Problem details >> The lines from the one containing "a living room" through the final line of the listing below are what the answer must repeat, exactly and only, leaving pictures out.

Collected material >>
━━━━━━━━━━━━━━━━
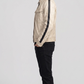 Side angle profile view highlighting the classic cafe racer band collar with a snap-button throat tab on the cream moto outerwear.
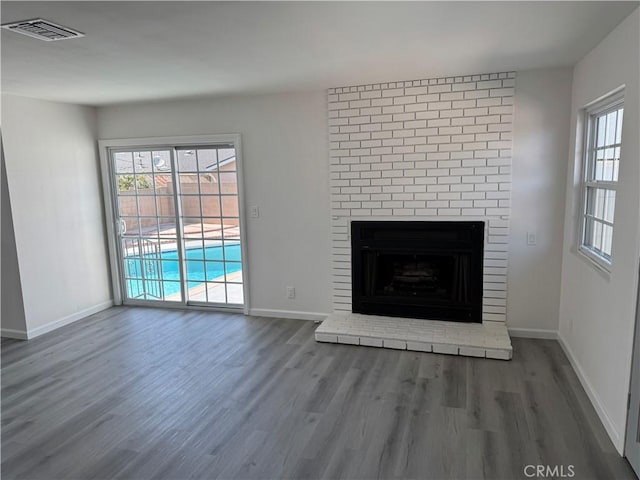 5781 Lime Ave, Cypress, CA 90630 - unfurnished living room with wood finished floors and a brick fireplace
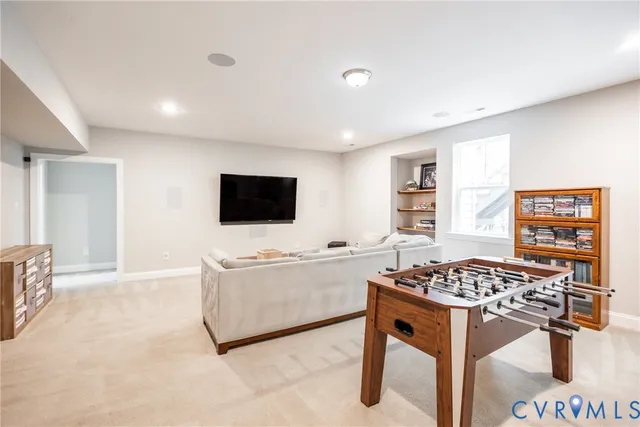 a living room with a flat screen tv and a rug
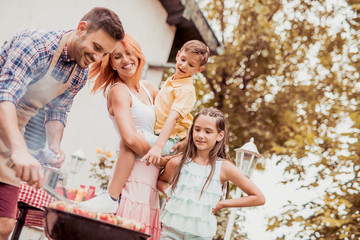 Family having a lunch in their garden in summer.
━━━━━━━━━━━━━━━━
Response for this exercise >>
 a living room with a flat screen tv and a rug
 Family having a lunch in their garden in summer.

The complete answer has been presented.